[FOM] independence of RVM/attribution
joeshipman@aol.com
joeshipman at aol.com
Sun Feb 12 19:42:45 EST 2006
I didn't exactly misattribute the unprovability of RVM to Solovay. I
was aware it was previously known to be unprovable, what I meant to say
was that Solovay showed how powerful RVM could be. (What I actually
said was that Solovay showed that RVM was "more powerful", when what I
meant was "MUCH more powerful").
Friedman is correct that the unprovability of RVM was known in the
30's, but it's a bit misleading say it was known "soon after Godel's
Second Incompleteness Theorem". Godel's Second Incompleteness Theorem
immediately gives the unprovability of the existence (or even
consistency) of STRONG inaccessibles, but to get the unprovability of
the existence of WEAK inaccessibles you need Godel's later work on
Constructible sets and the consistency of GCH.
-- JS
-----Original Message-----
From: Harvey Friedman <friedman at math.ohio-state.edu>
To: fom <fom at cs.nyu.edu>
Sent: Sun, 12 Feb 2006 11:46:52 -0500
Subject: [FOM] independence of RVM/attribution
Shipman http://www.cs.nyu.edu/pipermail/fom/2006-February/009748.html
misattributed the unprovability of RVM (existence of a real valued
measurable cardinal) in ZFC to Solovay. In my response to him, I didn't
clarify this properly.
It is a result of Ulam that every RVM is weakly inaccessible, in 1930.
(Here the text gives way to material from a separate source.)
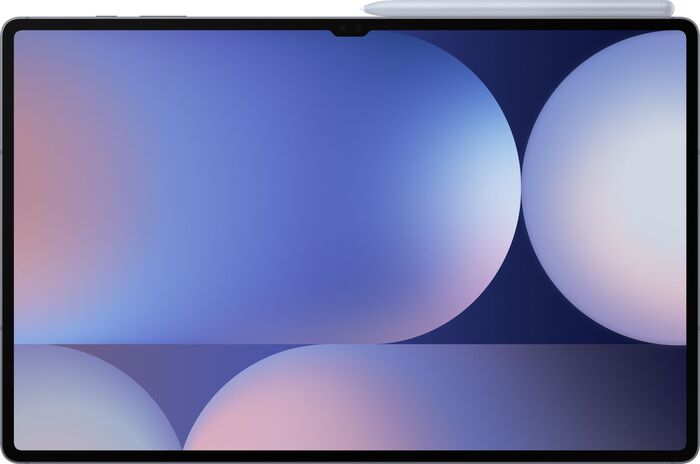 Планшет Samsung Galaxy Tab S10 Ultra 16/1 ТБ, Серый, Wi-Fi №2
It was known soon after Godel's second incompleteness theorem that the
existence of a weakly inaccessible cardinal is not provable in ZFC
(assuming
ZFC is consistent).
Solovay showed that the systems ZFC + RVM and ZFC + MC (measurable
cardinal)
are mutually interpretable. See
R.M. Solovay, Real-Valued Measurable Cardinals, in Axiomatic Set
Theory, ed.
Dana Scott, Proceedings of Symposia in Pure Mathematics vol. 13, part 1,
American Mathematical Society, 1971.